CI AVETE MAI PENSATO? OGGI PER DEFINIRE UNA DONNA INCINTA SI USANO PARAFRASI GENTILI COME “IN DOLCE ATTESA” O “IN STATO INTERESSANTE”.

Ma i termini originali, in qualunque lingua li si declini, alludono in maniera più diretta, fin quasi brutale, alla dimensione più concreta della gravidanza, a quel gonfiare e lievitare del ventre sotto il peso del bambino.

Così il termine gravida deriva dal latino gravis, pesante, mentre incinta (senza cintura) è in realtà una reinterpretazione del termine usato nell’antichità per gli animali (inciente) senza riferimenti alla cinta, ma solo al gonfiore. Lo spagnolo embarazar deriva invece dal portoghese baraca, che significa laccio o corda, dunque qui sì con un riferimento diretto alla cintura: ma con processo contrario a quanto avvenuto in italiano oggi quel significato si è stemperato a favore dell’idea di imbarazzo, ovvero di ingombro. E che dire dell’inglese to bear, dal doppio significato di partorire e sopportare (frutto della radice bher-), da cui deriva il termine burden (carico)?

Insomma, termini in apparenza lontani, siano essi di remota origine celtica o indoeuropea, conducono tutti lì, al nascituro inteso come fardello.
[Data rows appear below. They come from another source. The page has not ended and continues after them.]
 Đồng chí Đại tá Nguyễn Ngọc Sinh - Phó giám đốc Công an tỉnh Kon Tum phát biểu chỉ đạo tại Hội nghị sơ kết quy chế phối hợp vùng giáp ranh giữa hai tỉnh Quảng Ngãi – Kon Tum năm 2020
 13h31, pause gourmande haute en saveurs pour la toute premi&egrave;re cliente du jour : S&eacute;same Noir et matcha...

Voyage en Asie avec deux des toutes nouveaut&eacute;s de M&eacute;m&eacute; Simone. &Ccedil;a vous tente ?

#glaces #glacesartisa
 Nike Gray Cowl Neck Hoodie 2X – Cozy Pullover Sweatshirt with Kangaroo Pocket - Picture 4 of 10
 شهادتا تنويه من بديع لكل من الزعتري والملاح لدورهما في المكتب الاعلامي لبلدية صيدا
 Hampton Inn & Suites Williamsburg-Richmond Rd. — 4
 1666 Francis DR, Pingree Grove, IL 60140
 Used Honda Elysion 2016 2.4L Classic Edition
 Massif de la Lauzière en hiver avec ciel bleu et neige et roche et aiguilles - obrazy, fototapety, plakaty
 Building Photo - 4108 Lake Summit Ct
Ma non c’è da stupirsi perché nell’antichità di bambini ne nascevano tanti e tanti ne morivano piccolissimi, cosicché le gravidanze, per una stessa donna, erano un fenomeno continuo e naturale, e quel peso da portare diventava quasi una condizione costante. 

I nostri eufemismi suonano senz’altro più zuccherosi, ma riflettono anche una diversa e certamente più felice visione della maternità.